Look inside my email account and see 10 draft copies of letters I’ve been meaning to send (one is dated back to a year ago), and other countless emails I’ve left unread with the intention to read and reply. If I do eventually finish something, the pressure has to come from an external source (like a boss (which I don’t have at the moment), or an irrevocable deadline). But even then, the journey to completion certainly isn’t a pretty one. It’s sorta like carrying a whinging child up a very steep hill. Eventually, all the noise and distraction stops me from doing what I’m meant to be doing and I’m forced to listen to her concerns.
“You don’t want to keep going?” I say, “What do you want to do then?”
“Okay”, I think, “I’ll let her have her way this time so she shuts up”.
I go to the fridge and feed her. Then I go back, ready to begin the journey again. But she’s still hungry. So I go back and forth to the fridge until I’m sure food can’t possibly be a concern anymore.
“You know you really should clean the bathroom before you start again”, she says.

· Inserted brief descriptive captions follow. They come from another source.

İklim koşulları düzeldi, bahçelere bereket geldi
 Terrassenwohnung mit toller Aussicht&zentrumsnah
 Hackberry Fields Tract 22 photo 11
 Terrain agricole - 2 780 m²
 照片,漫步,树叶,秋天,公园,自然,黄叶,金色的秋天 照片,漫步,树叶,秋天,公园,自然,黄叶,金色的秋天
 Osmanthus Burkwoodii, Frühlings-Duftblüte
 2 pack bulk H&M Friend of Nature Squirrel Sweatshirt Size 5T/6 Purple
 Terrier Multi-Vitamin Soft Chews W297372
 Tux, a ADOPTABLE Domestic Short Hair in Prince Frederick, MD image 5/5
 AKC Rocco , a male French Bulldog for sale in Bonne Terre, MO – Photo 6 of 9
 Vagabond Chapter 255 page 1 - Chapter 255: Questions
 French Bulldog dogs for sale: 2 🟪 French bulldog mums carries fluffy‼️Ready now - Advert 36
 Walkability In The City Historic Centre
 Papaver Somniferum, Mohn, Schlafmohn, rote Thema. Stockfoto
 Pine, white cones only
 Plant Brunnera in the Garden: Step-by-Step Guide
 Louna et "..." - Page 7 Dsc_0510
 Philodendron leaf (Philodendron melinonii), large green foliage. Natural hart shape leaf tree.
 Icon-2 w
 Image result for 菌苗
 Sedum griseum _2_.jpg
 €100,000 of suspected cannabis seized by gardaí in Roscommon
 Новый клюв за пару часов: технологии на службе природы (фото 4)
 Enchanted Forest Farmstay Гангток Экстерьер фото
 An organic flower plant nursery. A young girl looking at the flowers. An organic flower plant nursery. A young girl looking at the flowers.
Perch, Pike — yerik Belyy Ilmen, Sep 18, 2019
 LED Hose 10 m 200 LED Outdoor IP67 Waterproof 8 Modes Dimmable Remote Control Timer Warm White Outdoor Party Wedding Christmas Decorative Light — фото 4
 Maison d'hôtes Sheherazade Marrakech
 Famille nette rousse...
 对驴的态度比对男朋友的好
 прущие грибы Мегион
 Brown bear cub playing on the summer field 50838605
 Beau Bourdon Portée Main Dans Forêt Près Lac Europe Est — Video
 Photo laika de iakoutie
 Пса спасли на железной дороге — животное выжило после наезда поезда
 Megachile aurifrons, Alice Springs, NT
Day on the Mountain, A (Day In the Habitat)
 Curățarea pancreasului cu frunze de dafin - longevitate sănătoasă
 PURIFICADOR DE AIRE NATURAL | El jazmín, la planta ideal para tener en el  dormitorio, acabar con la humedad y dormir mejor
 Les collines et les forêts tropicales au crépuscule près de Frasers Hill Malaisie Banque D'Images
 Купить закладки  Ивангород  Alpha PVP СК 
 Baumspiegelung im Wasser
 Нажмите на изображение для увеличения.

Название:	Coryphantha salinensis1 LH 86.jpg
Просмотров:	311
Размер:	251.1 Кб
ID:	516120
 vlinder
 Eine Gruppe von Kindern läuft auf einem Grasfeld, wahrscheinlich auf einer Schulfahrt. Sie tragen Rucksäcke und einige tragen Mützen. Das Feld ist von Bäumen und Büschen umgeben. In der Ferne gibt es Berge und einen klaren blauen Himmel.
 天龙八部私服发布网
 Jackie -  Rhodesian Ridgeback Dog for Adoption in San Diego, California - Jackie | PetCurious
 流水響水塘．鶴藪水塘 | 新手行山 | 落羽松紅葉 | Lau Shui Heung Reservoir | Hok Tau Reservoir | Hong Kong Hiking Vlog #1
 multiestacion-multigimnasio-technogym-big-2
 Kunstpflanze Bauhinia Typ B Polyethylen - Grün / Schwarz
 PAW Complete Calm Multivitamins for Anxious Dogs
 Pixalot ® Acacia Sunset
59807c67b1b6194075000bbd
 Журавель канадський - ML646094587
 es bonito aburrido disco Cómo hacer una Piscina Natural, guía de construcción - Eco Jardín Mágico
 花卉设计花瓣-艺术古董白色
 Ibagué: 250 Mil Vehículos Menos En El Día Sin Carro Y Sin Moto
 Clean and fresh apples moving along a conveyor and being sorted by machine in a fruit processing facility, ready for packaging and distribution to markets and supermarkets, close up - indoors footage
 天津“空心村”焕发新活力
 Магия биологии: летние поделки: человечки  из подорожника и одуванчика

“You’re absolutely right”, I say. “I’ve been putting that off forever”. After finishing the bathroom, I feel a little bit tired. I only manage to carry the child another couple of steps up the hill before she says, “You really ought to rest. You can’t get anything done in the state you’re in right now. Why don’t you see what’s on TV?”
“But It’s almost 2pm” I say, “I have to reach the top by 8pm”.
“You’ve got plenty of time”, she assures me. “Once you’re rested, you will be able to get to the top much quicker”. I don’t really believe her but I know I need to rest. So I put on the TV. “Oh, it’s ‘Oprah’, great!” One hour later: “Oh, ‘Dr Phil’s’ on. He’s so relevant.” One Hour later: “It’s ‘Totally Wild'”. This is where I draw the line. “Look”, I say, “Totally Wild is boring and educational, and the intro music is driving me nuts”.
“You’re right”, says the little girl, “we’d better get a start up the hill again”.
Finally we’re off once more, but I realise we’re running very low on time. I’m also extremely tired at this point, but I’m forced to keep going or risk not making it at all. At 7 o’clock I begin to sprint with the toddler on my back. Now it’s my turn to whinge to her. It’s a crazy sprint and I’m forced to leave out certain tasks due to time restrictions, but I make it finally, albeit rushed and 10 minutes late. I’ve finished but I’m certainly not satisfied with the outcome.
So the moral of the story is this: Imagine how much stuff we would get done if boring educational shows like ‘Totally Wild’ were on at an earlier time slot?